** Opening Data for this exercise block **

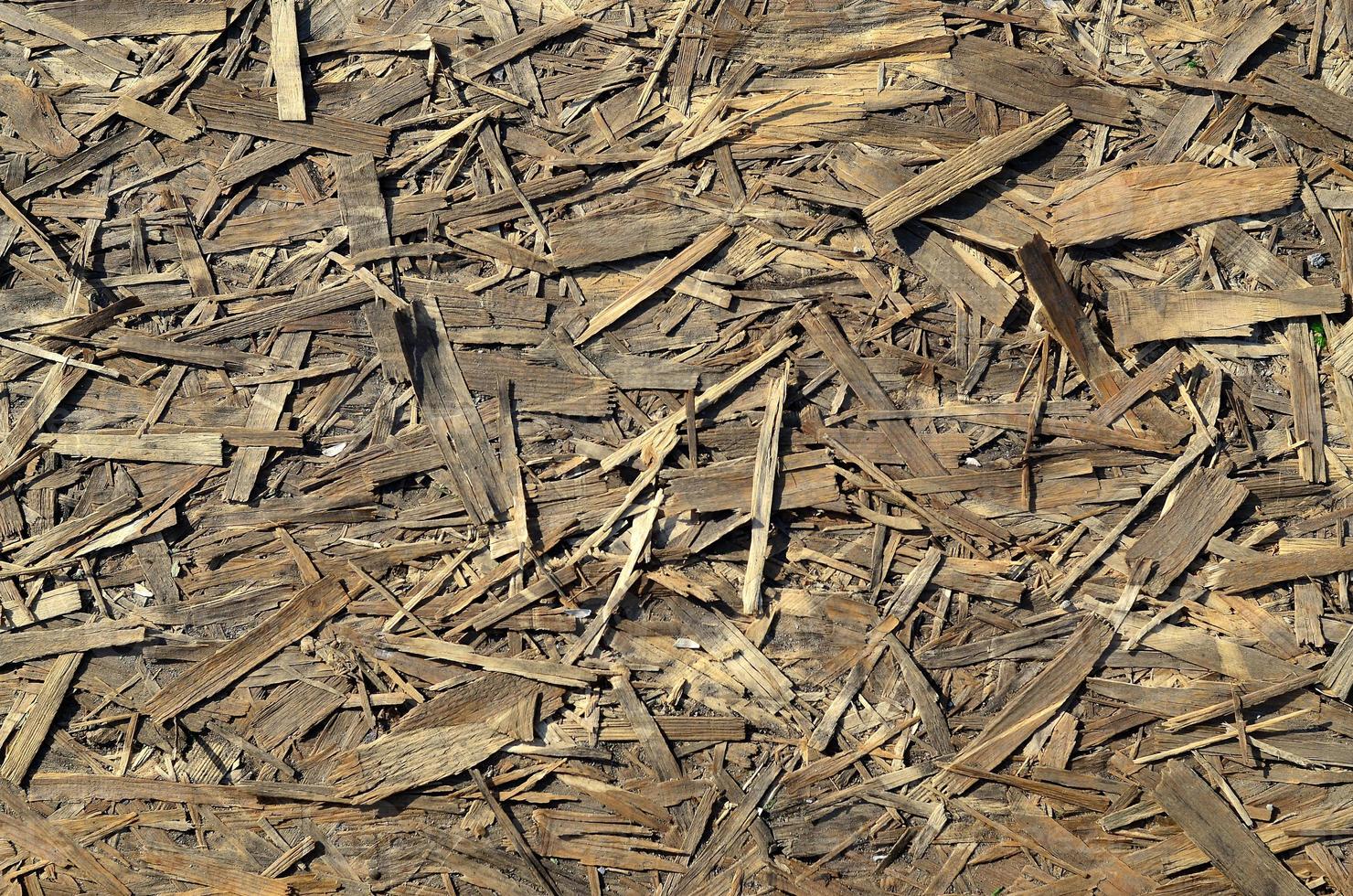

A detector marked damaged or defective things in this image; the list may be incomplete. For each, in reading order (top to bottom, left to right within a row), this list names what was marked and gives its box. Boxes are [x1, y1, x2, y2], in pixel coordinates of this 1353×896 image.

splintered wood piece [269, 0, 305, 121]
splintered wood piece [867, 103, 1068, 233]
splintered wood piece [1046, 164, 1302, 245]
splintered wood piece [746, 366, 786, 614]
splintered wood piece [1156, 761, 1309, 896]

** Closing Data for this exercise block **

• Task description: Output each line above exactly as it stands, omitting the pictures.

• The answer:
A detector marked damaged or defective things in this image; the list may be incomplete. For each, in reading order (top to bottom, left to right within a row), this list names what was marked and gives its box. Boxes are [x1, y1, x2, y2], in pixel coordinates of this 1353×896 image.

splintered wood piece [269, 0, 305, 121]
splintered wood piece [867, 103, 1068, 233]
splintered wood piece [1046, 164, 1302, 245]
splintered wood piece [746, 366, 786, 614]
splintered wood piece [1156, 761, 1309, 896]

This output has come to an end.